Nothing in Joseph's ascent and triumph pretended away the great wrong his brothers did him, or the darkness that Joseph endured by their cruelty, or the famine unfolding around him. The light Joseph experienced did not change Joseph's past – but it did change him.
It's much the same with Hanukkah. Hanukkah doesn't pretend away the great suffering of Hellenist conquest and the Maccabee rebellion that restored Jewish autonomy in the mid-160s BCE. Hanukkah also doesn't pretend away the religious zealotry that followed Maccabee victory. (One might be forgiven for seeing similar excess zealotry ascending in society.)
Instead, Hanukkah is the Jewish people's celebration and resolve that no circumstance however dark and defiling need take us down. In the words of Yehudah Aryeh Lieb Alter (1847-1905), the candles of Hanukkah are not mere external sparks of light but reminders of and catalysts for our internal sparks of light. We ourselves – our souls – are the candles of divinity. As Proverbs 20:27 puts it:
נֵר יְהו׳׳ה נִשְׁמַת אָדָם חֹפֵשׂ כָּל־חַדְרֵי־בָטֶן׃ | The candle of YHVH is the human soul, finding every inward room. |
The room inside you that is always light, that is made of light – for the soul itself is light – is what the sacred seeks. And it's the part of us that seeks the sacred, the ultimate rightness and goodness of things, the ultimate meaning of it all, the Source of Light.
So when you light up this Hanukkah, light more than your candles. Light up your spirit, your soul. We ourselves must be the light. We needn't pretend away the darkness but rather live knowing that something more transcends it.
And if that's too big a wick to light this year, know that our people have been light workers for nearly 2,200 years – and the light never has gone out, no matter what.
From my heart to yours, here's wishing you and your loved ones a חג אורים שמח / hag urim sameah – a happy Festival of Lights.

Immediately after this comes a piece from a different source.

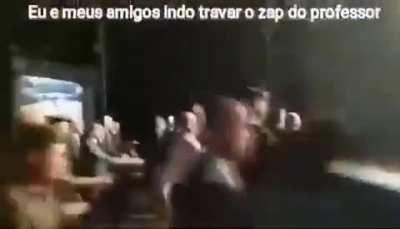 Aviso para mandar pro professor no zap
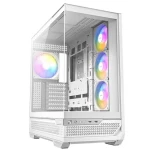 Antec C7 ARGB biela / E-ATX / 2x USB-A / 1x USB-C / 3x 120mm ARGB + 1x 140mm ARGB / bez zdroja / priehľadná bočnica (0-761345-10136-3)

So when you light up this Hanukkah, light more than your candles. Light up your spirit, your soul. We ourselves must be the light. We needn't pretend away the darkness but rather live knowing that something more transcends it.
And if that's too big a wick to light this year, know that our people have been light workers for nearly 2,200 years – and the light never has gone out, no matter what.